-- Exercise requirements --
All the lines below need to be transcribed exactly. Pictures get left out.

** Opening Data shown block **

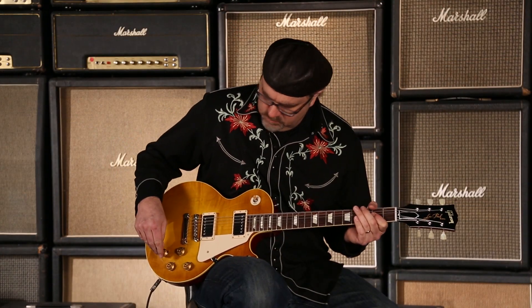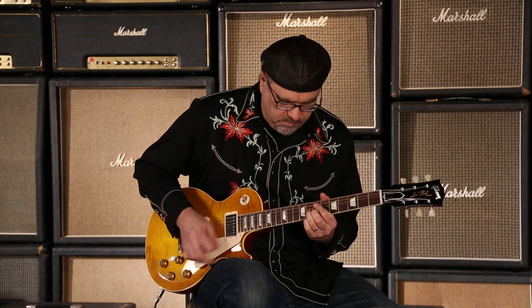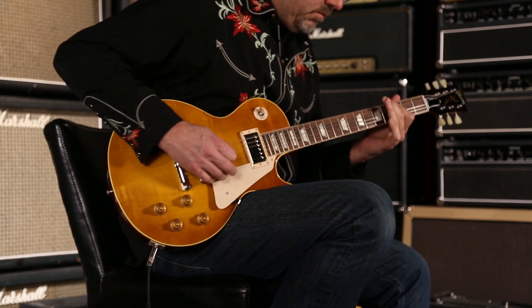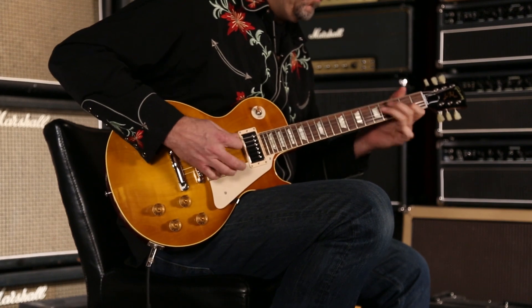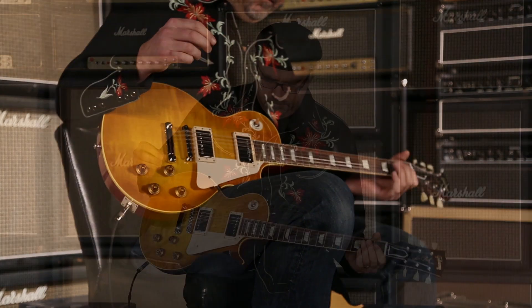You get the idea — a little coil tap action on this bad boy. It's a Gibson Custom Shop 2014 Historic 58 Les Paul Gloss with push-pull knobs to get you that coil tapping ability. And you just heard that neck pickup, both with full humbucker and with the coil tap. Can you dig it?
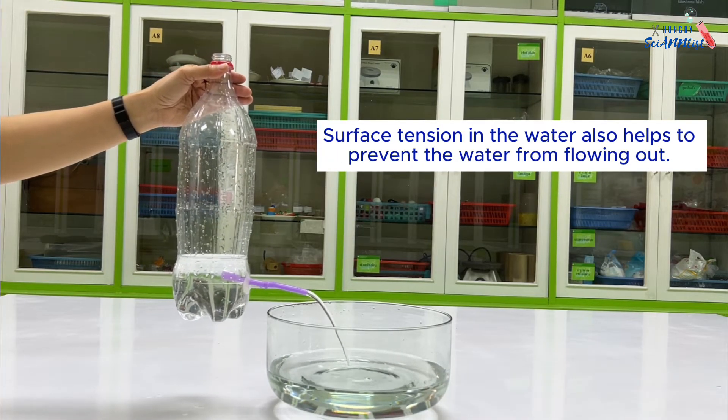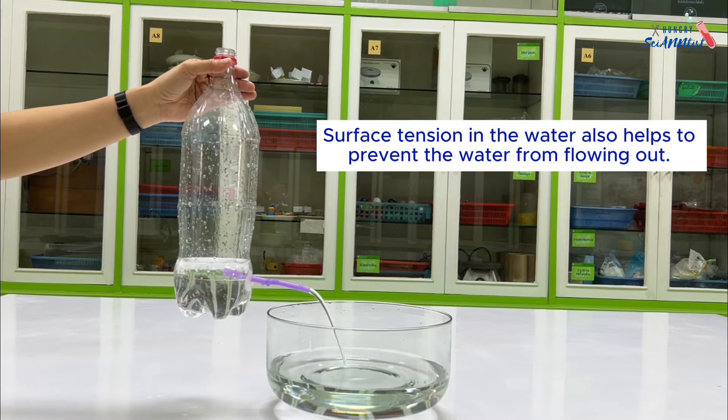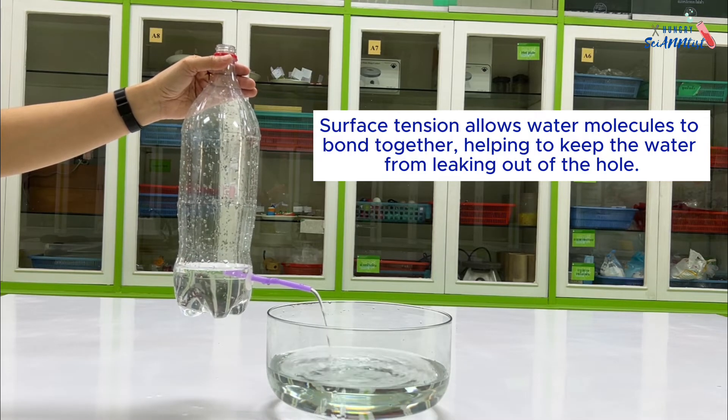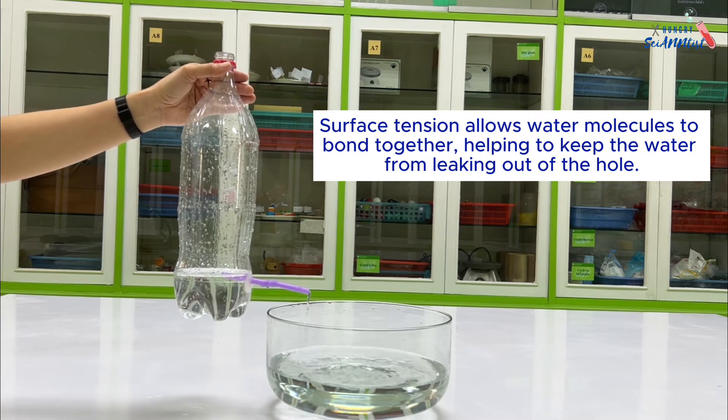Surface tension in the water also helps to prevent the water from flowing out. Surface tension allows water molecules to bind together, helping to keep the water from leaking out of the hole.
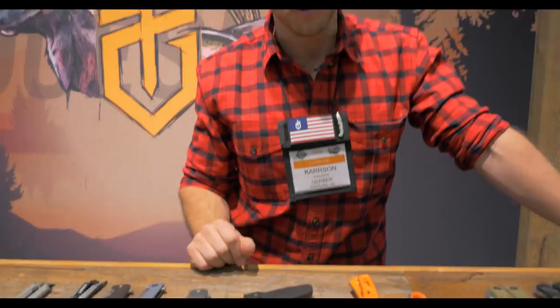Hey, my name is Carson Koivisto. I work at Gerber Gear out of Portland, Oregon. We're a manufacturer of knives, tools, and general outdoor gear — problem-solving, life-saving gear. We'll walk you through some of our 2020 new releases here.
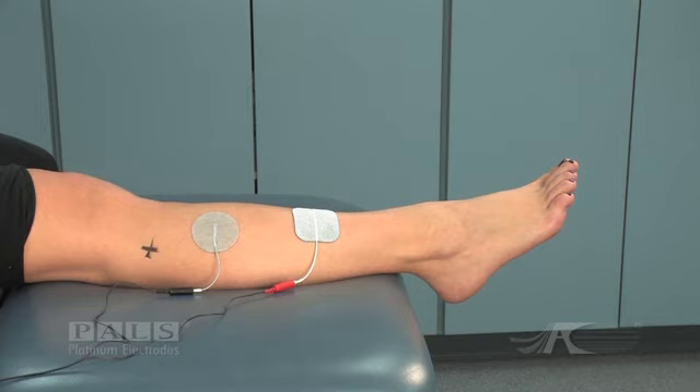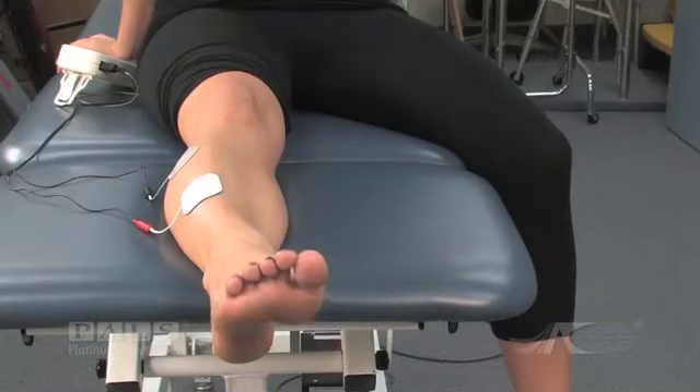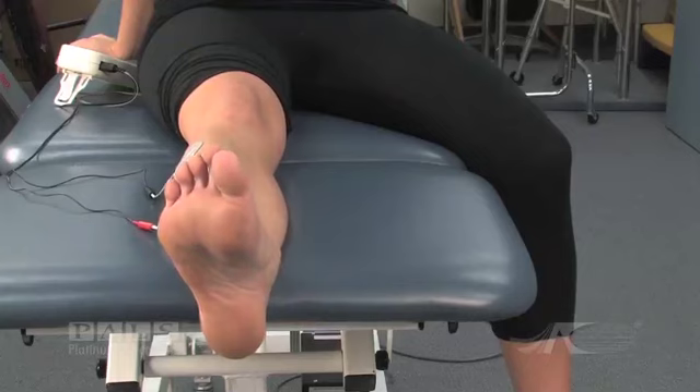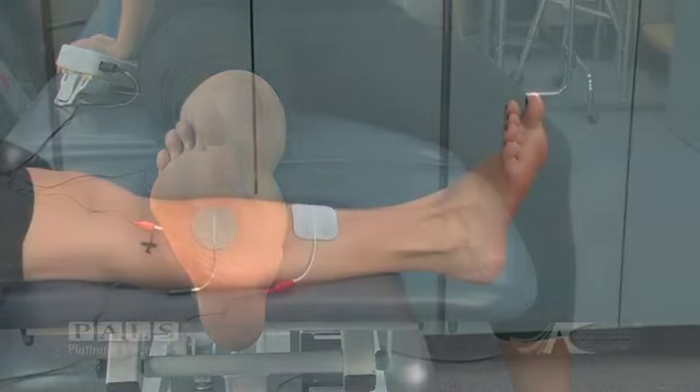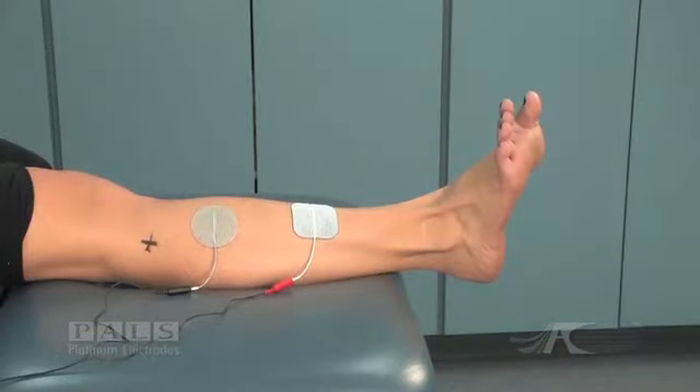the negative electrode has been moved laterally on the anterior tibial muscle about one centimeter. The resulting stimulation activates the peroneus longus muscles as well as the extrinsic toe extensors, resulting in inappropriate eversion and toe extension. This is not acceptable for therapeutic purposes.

** Closing Data shown block **

-- Expected output --
You get the idea — a little coil tap action on this bad boy. It's a Gibson Custom Shop 2014 Historic 58 Les Paul Gloss with push-pull knobs to get you that coil tapping ability. And you just heard that neck pickup, both with full humbucker and with the coil tap. Can you dig it?
Surface tension in the water also helps to prevent the water from flowing out. Surface tension allows water molecules to bind together, helping to keep the water from leaking out of the hole.
Hey, my name is Carson Koivisto. I work at Gerber Gear out of Portland, Oregon. We're a manufacturer of knives, tools, and general outdoor gear — problem-solving, life-saving gear. We'll walk you through some of our 2020 new releases here.
the negative electrode has been moved laterally on the anterior tibial muscle about one centimeter. The resulting stimulation activates the peroneus longus muscles as well as the extrinsic toe extensors, resulting in inappropriate eversion and toe extension. This is not acceptable for therapeutic purposes.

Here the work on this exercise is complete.